Substantially, the camera is a member of the extended Leica family, with the early Zenits being based on the rangefinder Zorki, itself based on the original FED, a direct copy of the Leica II. In many ways, the continuity between the Leica and the Zenit, while they are different types of camera made in different countries at different times, is very tangible in several aspects of the Zenit, most notably the physical shape of the body and the bottom-loading film chamber, which requires the exact same precautions and procedure as for a Leica.

To wit, film is loaded by removing the base of the camera, not opening the back. The film must be prepared: more film must be cut away from the leader to extend the length of the "tongue." Care must be taken not to leave a hard corner when doing this. The mechanical intricacies of the advance mechanism can result in film with an untrimmed leader being chewed up by the camera, which can result in chips of film going into the shutter and possibly ruining it. No other method works reliably or quickly--especially no method that involves placing any foreign object down behind the film gate or locking open the shutter and using one's fingers to guide the film.

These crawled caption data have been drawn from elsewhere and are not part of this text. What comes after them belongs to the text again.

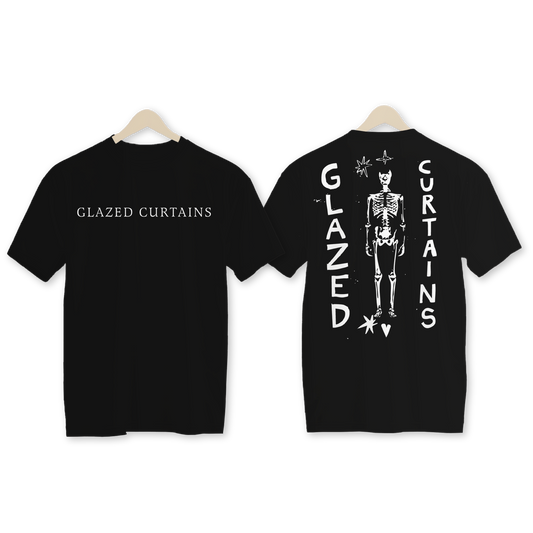 Glazed Curtains - Skeleton T-Shirt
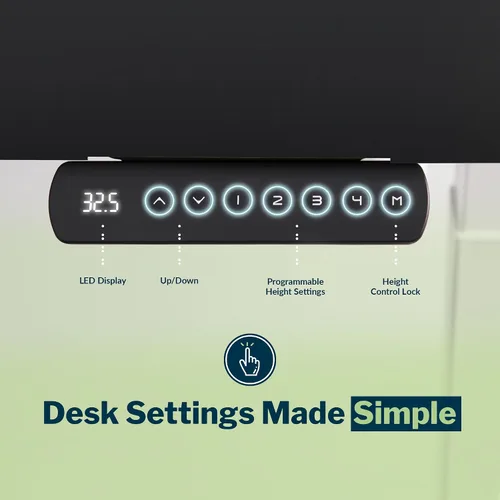 Vista 4 de Vari ComfortEdge - Escritorio de pie ajustable de 40 x 26 pulgadas, pequeño escritorio eléctrico de pie VariDesk para apartamento, dormitorio u
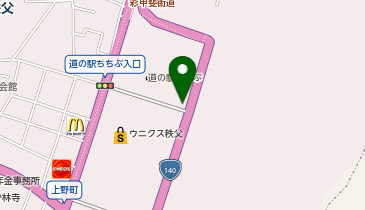 [EV]ホテルルートインGrand秩父の地図画像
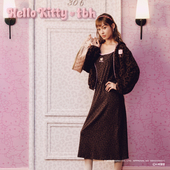 tbh野兽派家居三丽鸥Hello Kitty针织棉吊带可外穿家居服睡衣女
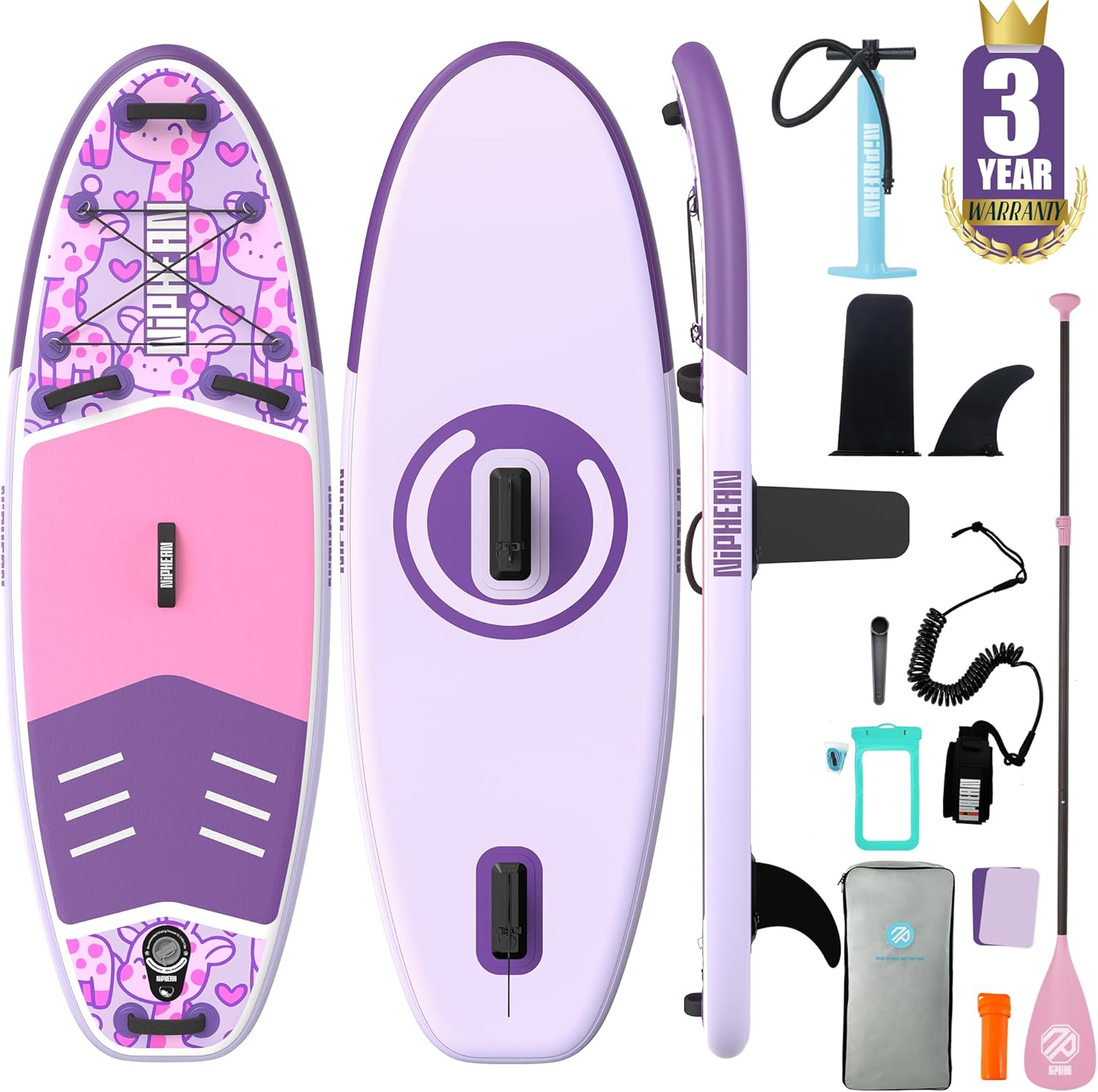 Niphean - Extra Large Paddle - sup 2+1 personnes - planche gonflable stable débutant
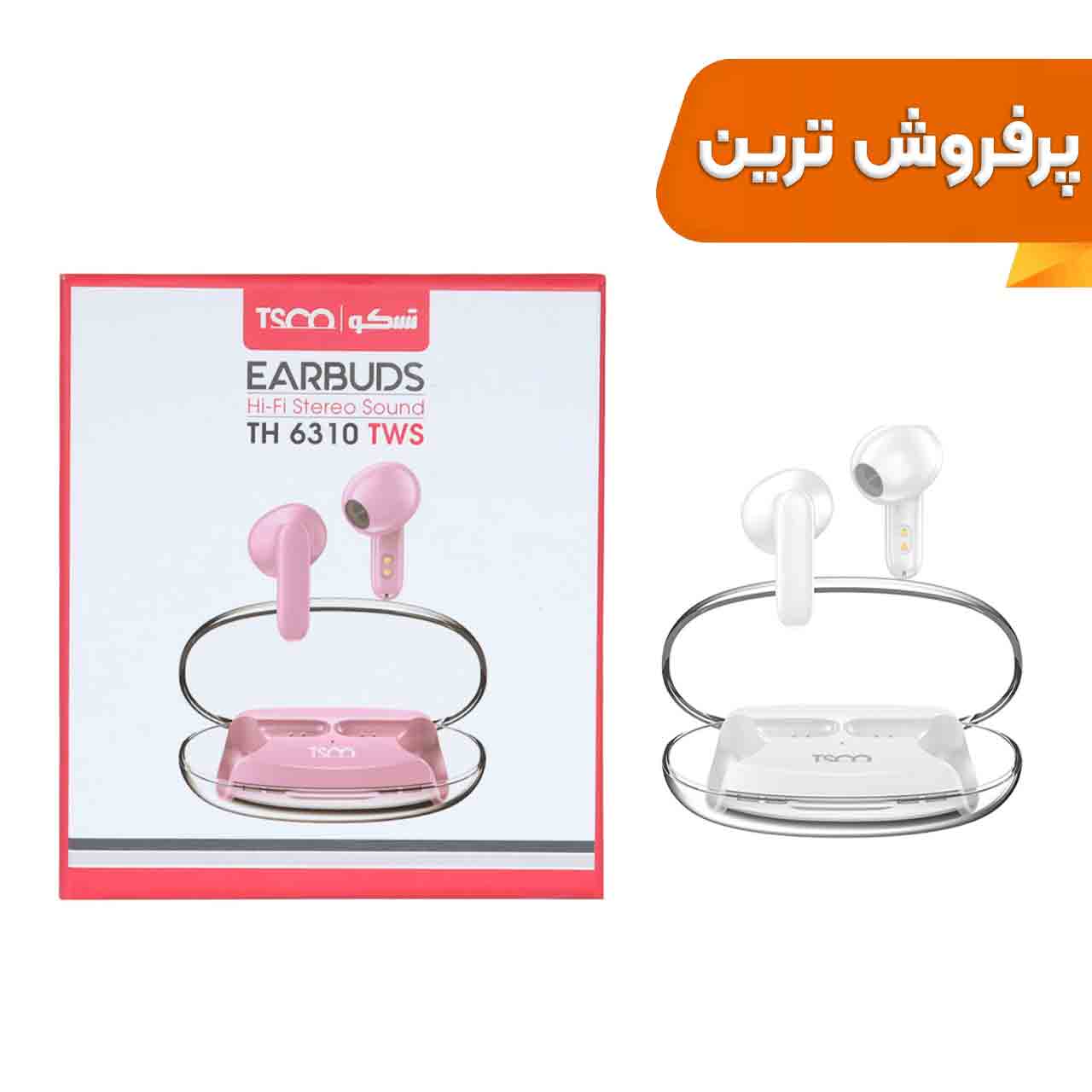 ایرفون بی سیم Tsco با قابلیت ENC مدل TH 6310 TWS
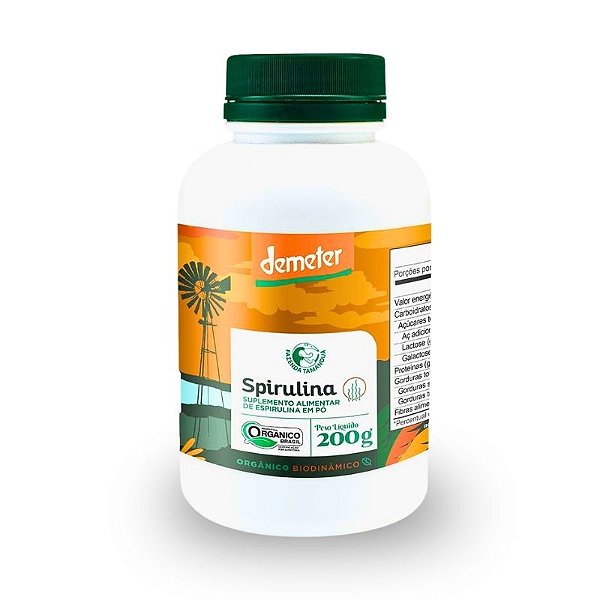 Spirulina Orgânica Biodinâmica em Pó Fazenda Tamanduá 200g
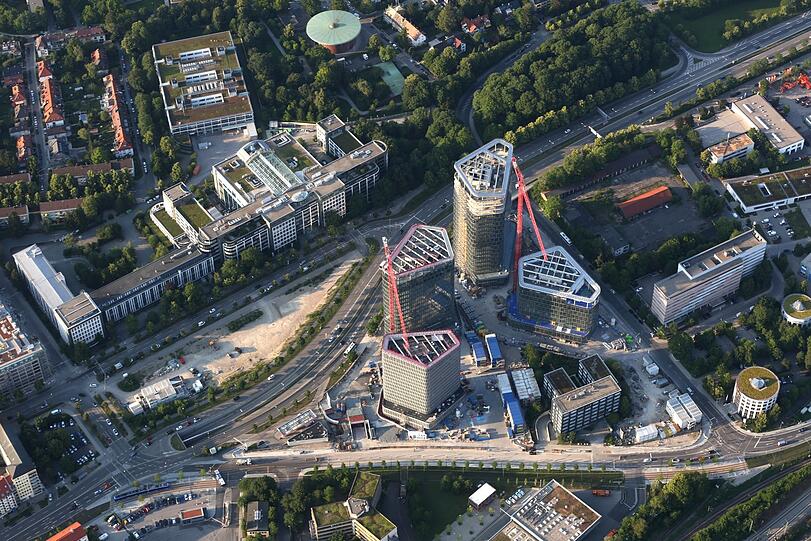Ballonfahrt: 2018 hat der Vogelweideplatz noch so ausgesehen.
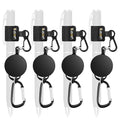 Likesing Retractable Pen Holder, 27.5" 4 Elastic Pen Leash Set(Black) - color: Black-4 CircularCilp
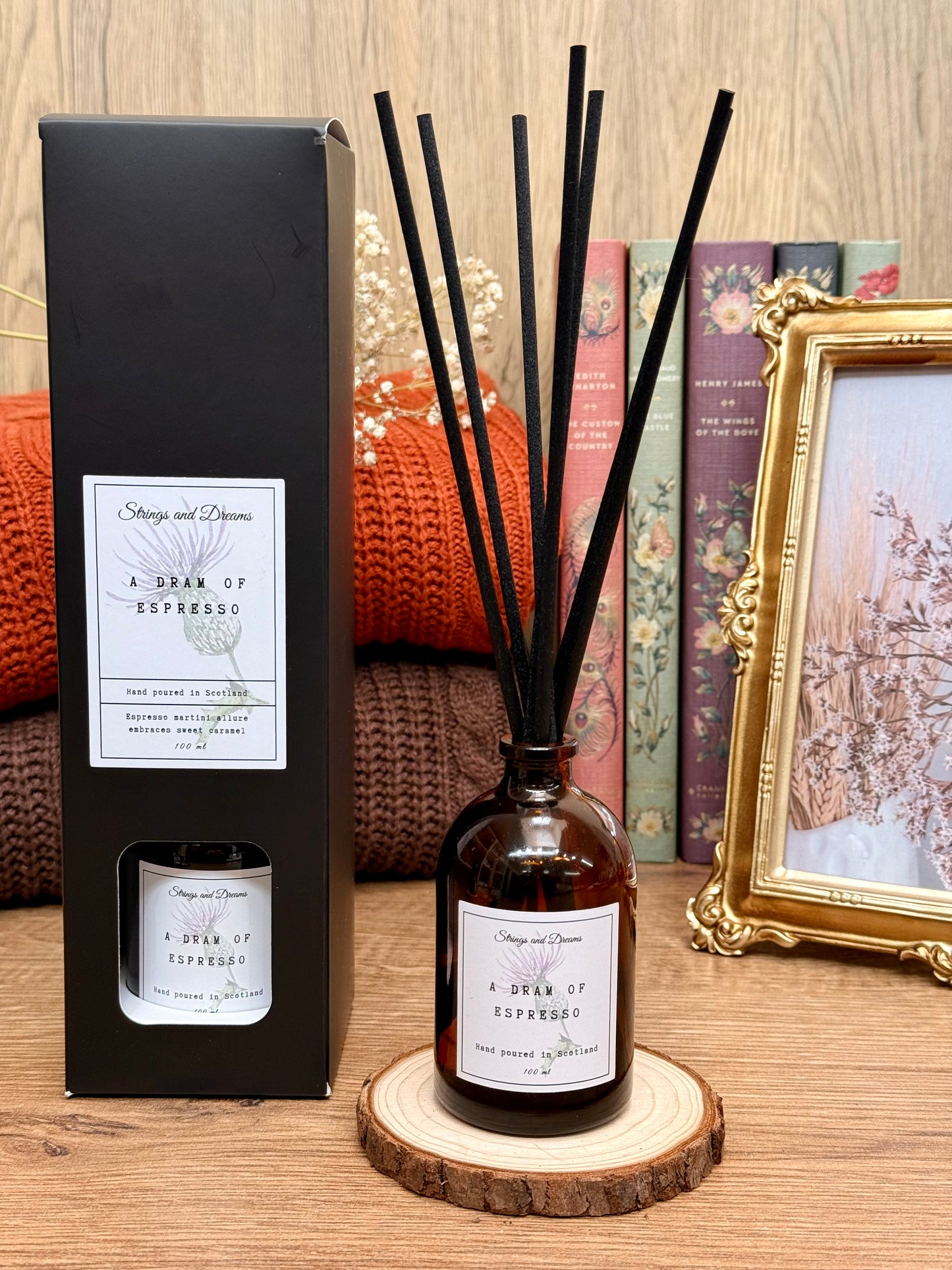 A dram of Espresso Reed Diffuser 100ml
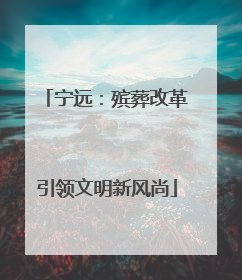 宁远：殡葬改革引领文明新风尚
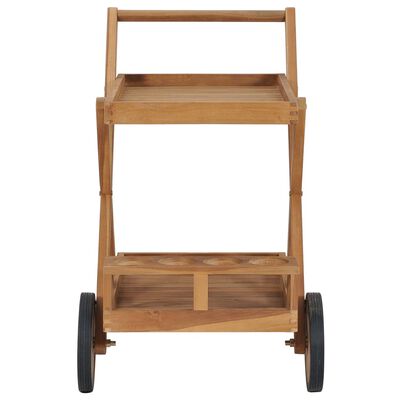 vidaXL Carrito del té de madera maciza de teca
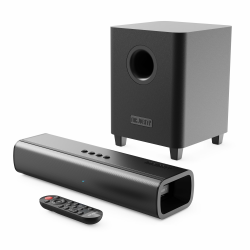 MAJORITY Naga 40 Plus Soundbar Für TV Geräte | 200W 2.1 Soundsystem | Bluetooth Soundbar mit Subwoofer | Sound Bar HDMI ARC | Wandmontage Home Cinema Sound System | Inklusive Fernbedienung Angebot bei HelloDeals
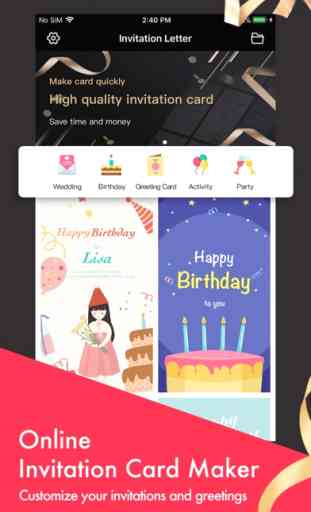 Party Invitation Cards Maker 1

The C model is an incremental update of the Zenit 1, with much of the camera being identical. The most important change is the addition of flash synchronisation via a PC socket on the front of the top superstructure. The synchronisation delay is variable between zero (X-synch.) and 25 milliseconds (a little greater than M-synch.) with a control under the shutter speed selector, similar to that on the slightly earlier Leica IIIf. The reason for this adjustable synch is that there were many types of flashbulb on the market, many of which required a delay other than the standard "M-bulb" delay of 20 milliseconds; electronic flash was rare and expensive at the time, but it is supported as well with no-delay X-synch. There is no accessory shoe; any flash would have to be mounted on a bracket. If the synch is set incorrectly part of the frame will not be flashed.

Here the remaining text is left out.